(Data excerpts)

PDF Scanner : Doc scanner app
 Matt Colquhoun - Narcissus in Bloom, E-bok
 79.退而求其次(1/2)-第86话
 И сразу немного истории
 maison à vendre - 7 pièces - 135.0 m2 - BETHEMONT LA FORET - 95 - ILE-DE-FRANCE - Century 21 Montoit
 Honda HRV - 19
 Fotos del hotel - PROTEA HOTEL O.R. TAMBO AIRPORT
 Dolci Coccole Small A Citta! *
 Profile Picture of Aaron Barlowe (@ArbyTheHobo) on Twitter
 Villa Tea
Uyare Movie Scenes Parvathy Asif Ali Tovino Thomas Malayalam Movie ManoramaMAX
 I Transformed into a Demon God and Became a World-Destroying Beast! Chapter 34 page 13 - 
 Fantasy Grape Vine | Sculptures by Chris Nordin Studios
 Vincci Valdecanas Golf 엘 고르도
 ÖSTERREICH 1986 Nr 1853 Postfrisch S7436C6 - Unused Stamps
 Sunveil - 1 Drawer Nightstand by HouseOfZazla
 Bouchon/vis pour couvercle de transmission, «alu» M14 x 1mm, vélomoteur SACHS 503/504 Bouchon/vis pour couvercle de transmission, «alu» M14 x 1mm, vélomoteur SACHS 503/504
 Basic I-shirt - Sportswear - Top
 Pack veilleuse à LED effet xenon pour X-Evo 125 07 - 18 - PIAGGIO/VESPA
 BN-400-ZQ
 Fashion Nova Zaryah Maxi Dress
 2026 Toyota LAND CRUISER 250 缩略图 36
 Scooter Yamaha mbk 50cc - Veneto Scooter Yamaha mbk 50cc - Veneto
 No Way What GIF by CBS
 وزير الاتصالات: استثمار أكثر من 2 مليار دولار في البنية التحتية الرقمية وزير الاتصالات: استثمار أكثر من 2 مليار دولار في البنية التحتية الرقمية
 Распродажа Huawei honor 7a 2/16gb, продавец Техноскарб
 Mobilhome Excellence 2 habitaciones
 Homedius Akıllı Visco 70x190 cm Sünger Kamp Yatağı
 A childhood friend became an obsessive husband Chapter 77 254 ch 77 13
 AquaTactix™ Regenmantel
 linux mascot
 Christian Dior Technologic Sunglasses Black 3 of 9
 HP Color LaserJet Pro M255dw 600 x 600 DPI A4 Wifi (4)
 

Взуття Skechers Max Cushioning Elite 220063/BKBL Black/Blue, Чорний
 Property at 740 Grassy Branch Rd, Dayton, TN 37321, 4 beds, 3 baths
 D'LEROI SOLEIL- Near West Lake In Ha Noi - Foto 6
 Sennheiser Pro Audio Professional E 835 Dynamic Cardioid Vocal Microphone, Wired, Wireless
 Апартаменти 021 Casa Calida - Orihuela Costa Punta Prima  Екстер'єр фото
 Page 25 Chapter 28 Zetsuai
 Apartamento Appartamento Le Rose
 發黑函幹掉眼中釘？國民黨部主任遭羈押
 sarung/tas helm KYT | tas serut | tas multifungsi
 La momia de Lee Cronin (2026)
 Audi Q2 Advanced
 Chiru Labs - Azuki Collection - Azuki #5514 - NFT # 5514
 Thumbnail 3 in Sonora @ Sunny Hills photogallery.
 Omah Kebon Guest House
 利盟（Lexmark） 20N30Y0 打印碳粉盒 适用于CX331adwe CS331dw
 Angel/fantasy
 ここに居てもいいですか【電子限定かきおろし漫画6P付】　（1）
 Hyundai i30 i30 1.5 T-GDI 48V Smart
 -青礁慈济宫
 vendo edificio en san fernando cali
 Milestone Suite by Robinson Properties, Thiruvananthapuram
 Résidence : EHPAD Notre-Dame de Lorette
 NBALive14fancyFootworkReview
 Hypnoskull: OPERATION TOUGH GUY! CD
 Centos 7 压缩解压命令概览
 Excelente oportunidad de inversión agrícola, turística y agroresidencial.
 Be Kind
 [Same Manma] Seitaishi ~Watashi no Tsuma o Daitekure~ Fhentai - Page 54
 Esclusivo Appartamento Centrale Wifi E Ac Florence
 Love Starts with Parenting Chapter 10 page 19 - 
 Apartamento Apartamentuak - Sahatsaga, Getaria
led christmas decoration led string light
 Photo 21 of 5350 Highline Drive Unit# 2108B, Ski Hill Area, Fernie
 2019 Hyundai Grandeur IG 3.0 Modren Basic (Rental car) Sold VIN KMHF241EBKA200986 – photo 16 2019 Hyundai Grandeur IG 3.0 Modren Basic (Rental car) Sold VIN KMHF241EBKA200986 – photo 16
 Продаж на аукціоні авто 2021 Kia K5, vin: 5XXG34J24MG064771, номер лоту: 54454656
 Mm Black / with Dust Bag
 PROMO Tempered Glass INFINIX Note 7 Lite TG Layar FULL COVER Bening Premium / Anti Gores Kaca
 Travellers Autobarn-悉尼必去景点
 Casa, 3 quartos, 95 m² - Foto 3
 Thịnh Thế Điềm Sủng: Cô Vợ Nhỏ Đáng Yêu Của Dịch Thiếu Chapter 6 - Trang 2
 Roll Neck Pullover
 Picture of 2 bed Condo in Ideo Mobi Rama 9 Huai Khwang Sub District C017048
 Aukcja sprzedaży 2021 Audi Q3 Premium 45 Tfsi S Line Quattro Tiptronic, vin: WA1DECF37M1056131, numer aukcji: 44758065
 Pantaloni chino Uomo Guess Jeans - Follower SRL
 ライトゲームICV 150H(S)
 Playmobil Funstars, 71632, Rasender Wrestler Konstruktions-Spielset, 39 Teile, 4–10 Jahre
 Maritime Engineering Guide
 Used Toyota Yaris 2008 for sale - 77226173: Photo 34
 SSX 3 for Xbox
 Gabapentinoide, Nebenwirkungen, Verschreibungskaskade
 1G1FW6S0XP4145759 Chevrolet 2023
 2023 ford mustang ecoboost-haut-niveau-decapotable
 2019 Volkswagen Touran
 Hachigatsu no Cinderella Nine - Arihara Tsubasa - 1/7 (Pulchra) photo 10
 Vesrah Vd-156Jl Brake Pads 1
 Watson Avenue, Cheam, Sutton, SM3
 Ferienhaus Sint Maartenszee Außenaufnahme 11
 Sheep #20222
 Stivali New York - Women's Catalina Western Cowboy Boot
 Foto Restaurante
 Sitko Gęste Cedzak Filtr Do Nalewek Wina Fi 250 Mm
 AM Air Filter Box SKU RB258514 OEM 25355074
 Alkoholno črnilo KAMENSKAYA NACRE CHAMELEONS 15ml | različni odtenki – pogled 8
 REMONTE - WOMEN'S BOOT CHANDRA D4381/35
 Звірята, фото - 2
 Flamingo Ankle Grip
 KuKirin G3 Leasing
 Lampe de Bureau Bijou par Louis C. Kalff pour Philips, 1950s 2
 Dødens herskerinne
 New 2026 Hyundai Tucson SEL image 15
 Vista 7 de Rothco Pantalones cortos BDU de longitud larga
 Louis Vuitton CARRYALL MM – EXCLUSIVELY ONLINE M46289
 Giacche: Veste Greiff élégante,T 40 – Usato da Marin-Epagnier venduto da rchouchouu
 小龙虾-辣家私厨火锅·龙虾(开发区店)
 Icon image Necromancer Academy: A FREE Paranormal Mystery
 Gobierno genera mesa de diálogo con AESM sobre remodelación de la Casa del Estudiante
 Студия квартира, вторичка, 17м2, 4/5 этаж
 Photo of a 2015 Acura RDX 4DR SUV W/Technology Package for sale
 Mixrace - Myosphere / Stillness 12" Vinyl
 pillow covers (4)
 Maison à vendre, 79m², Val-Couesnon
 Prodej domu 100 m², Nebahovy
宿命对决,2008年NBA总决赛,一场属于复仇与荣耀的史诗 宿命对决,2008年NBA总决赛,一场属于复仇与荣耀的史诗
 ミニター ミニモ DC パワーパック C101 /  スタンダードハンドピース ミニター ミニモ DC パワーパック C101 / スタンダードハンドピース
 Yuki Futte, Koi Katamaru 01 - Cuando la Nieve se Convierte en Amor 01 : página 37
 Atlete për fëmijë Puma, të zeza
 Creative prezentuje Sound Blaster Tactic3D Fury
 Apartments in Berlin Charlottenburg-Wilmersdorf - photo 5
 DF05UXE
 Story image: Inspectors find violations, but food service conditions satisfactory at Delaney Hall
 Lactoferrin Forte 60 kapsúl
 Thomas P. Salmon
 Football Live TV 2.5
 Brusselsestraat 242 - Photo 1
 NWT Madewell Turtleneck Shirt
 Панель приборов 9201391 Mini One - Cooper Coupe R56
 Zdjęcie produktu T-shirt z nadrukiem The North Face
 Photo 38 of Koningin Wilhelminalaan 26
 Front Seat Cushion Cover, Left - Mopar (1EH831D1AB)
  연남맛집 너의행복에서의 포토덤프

**PROMPT**.
Quote, word for word, every line starting at the one that contains "Панель приборов 9201391" and ending with the final line of the entries.

**SOLUTION**.
 Панель приборов 9201391 Mini One - Cooper Coupe R56
 Zdjęcie produktu T-shirt z nadrukiem The North Face
 Photo 38 of Koningin Wilhelminalaan 26
 Front Seat Cushion Cover, Left - Mopar (1EH831D1AB)
  연남맛집 너의행복에서의 포토덤프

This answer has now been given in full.